* [What the task requires]
Nothing but the lines from the top of the following entries through the line with "Carte postale ancienne" should be printed, exactly as they are.

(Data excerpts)
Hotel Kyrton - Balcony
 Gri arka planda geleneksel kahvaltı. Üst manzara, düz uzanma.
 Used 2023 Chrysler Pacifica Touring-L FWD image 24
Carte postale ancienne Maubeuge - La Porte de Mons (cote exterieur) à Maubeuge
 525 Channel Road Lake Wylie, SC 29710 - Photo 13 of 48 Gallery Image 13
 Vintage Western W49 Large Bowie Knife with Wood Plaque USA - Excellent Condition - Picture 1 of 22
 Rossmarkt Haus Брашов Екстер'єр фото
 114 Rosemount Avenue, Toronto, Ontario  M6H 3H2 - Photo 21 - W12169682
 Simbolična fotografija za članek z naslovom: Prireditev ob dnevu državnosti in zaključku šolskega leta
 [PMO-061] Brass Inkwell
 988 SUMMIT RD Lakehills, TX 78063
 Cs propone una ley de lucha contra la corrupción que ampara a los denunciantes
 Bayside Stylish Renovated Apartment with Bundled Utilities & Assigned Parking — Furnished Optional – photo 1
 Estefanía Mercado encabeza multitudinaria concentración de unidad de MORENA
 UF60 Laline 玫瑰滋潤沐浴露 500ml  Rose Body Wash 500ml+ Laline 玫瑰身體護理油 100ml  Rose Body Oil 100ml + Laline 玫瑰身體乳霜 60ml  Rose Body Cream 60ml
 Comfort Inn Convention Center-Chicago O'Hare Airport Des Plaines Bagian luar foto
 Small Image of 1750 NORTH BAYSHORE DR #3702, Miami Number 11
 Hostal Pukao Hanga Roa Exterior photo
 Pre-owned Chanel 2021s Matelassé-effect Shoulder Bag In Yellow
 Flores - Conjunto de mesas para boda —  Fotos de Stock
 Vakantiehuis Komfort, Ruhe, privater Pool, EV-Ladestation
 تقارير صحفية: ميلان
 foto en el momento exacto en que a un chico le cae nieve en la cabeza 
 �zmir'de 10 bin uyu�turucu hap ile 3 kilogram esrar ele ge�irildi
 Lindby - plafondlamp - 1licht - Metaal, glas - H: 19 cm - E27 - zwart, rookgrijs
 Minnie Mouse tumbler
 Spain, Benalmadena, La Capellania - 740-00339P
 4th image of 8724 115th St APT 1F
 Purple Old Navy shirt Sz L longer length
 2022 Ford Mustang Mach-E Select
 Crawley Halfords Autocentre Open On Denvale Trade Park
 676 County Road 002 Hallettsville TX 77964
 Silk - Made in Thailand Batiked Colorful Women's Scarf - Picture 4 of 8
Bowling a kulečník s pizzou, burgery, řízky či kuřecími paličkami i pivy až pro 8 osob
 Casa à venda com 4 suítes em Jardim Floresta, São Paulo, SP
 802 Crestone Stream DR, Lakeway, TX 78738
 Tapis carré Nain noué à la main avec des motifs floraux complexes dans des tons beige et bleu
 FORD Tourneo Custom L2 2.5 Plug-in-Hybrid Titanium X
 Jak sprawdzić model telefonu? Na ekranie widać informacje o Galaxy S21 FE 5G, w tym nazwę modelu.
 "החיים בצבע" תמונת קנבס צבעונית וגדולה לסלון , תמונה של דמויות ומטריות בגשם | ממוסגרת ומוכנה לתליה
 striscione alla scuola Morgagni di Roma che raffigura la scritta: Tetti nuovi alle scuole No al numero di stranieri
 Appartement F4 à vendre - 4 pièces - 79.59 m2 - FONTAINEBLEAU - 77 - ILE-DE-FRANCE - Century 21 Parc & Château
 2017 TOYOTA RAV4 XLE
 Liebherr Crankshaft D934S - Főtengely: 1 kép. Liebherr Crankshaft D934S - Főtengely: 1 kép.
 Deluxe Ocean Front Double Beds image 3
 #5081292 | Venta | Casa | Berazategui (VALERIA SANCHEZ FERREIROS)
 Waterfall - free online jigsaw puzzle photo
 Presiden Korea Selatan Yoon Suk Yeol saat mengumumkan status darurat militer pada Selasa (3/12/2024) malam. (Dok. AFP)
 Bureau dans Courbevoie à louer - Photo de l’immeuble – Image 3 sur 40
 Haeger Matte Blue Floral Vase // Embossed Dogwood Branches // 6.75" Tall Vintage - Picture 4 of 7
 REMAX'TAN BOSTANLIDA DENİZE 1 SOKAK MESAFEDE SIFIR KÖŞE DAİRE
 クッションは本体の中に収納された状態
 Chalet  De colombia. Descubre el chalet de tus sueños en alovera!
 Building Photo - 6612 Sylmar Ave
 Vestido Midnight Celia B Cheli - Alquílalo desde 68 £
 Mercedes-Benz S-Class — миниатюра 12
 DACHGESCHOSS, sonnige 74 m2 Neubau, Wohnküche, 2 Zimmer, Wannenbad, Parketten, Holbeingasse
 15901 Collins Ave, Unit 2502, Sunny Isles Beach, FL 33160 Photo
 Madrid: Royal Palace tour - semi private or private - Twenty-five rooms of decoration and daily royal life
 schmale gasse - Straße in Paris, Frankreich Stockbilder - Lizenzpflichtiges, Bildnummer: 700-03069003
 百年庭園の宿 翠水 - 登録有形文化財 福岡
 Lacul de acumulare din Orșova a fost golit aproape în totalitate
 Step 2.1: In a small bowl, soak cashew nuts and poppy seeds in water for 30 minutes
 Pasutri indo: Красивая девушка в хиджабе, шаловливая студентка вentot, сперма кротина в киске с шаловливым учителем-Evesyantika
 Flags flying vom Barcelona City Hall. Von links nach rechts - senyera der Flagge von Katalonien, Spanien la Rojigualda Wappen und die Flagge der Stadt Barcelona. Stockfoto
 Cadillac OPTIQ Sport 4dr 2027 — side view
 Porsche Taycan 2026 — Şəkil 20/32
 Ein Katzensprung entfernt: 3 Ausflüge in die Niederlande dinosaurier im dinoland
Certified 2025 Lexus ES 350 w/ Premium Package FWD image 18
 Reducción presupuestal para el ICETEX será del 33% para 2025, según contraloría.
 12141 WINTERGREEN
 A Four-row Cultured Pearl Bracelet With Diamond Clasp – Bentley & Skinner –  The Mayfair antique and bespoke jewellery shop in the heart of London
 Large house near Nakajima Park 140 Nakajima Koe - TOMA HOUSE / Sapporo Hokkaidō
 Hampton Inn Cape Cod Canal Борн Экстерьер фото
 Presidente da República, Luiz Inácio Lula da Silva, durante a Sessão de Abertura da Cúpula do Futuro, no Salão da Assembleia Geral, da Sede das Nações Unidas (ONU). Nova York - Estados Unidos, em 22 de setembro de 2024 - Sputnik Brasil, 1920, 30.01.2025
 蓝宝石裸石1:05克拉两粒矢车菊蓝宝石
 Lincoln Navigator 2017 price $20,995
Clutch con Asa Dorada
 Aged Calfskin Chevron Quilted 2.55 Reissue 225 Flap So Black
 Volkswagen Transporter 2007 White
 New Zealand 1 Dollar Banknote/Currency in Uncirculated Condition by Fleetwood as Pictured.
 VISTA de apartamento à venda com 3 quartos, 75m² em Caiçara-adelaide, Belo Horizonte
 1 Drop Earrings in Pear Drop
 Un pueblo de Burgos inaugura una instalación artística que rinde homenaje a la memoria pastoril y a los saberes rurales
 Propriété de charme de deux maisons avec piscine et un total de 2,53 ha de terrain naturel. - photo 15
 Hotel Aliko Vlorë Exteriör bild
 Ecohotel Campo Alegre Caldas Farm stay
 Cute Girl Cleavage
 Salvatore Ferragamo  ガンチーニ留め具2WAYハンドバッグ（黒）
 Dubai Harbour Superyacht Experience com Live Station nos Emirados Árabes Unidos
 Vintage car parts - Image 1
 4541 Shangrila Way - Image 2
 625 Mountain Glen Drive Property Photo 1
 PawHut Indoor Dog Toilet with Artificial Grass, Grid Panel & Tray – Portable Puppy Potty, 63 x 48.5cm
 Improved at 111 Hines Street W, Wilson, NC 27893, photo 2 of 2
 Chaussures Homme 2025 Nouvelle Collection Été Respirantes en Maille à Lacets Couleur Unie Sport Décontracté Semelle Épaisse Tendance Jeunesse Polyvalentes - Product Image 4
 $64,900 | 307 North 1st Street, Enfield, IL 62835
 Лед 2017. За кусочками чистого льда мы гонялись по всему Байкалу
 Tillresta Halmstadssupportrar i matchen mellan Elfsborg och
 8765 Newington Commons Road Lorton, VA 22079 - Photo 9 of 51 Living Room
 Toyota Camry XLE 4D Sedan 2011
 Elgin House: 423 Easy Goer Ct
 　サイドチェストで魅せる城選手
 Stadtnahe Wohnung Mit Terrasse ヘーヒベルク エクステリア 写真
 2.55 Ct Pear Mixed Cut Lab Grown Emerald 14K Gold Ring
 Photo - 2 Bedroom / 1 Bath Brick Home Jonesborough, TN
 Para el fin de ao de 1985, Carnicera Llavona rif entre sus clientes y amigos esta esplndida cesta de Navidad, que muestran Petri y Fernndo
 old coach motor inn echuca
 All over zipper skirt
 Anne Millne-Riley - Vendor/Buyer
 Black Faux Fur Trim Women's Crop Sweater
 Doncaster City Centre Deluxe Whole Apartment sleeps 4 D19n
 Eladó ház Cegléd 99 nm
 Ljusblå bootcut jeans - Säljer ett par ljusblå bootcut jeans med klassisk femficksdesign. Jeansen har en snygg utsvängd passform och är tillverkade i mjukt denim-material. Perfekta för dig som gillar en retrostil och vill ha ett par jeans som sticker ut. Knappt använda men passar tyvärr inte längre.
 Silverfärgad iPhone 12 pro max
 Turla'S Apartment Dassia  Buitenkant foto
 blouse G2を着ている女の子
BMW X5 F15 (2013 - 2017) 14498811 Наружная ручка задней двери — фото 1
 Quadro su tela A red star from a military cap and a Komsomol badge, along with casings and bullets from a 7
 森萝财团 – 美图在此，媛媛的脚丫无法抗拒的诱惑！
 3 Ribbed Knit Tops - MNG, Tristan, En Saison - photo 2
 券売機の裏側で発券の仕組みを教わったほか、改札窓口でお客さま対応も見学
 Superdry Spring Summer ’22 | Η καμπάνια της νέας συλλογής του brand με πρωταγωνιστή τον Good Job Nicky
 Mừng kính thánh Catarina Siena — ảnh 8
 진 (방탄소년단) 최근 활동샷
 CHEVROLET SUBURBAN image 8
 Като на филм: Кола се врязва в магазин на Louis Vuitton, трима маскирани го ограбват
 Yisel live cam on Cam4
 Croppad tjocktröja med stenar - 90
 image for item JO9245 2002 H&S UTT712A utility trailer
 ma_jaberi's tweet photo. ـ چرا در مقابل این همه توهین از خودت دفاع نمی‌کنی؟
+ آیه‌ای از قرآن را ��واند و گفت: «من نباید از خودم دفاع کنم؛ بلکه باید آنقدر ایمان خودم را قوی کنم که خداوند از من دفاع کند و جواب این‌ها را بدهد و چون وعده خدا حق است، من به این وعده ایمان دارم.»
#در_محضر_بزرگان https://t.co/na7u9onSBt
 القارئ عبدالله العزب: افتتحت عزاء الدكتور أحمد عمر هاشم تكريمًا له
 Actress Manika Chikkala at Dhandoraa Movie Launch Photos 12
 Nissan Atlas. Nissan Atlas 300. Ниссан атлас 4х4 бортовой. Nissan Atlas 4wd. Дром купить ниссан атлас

* [Exercise answer]
Hotel Kyrton - Balcony
 Gri arka planda geleneksel kahvaltı. Üst manzara, düz uzanma.
 Used 2023 Chrysler Pacifica Touring-L FWD image 24
Carte postale ancienne Maubeuge - La Porte de Mons (cote exterieur) à Maubeuge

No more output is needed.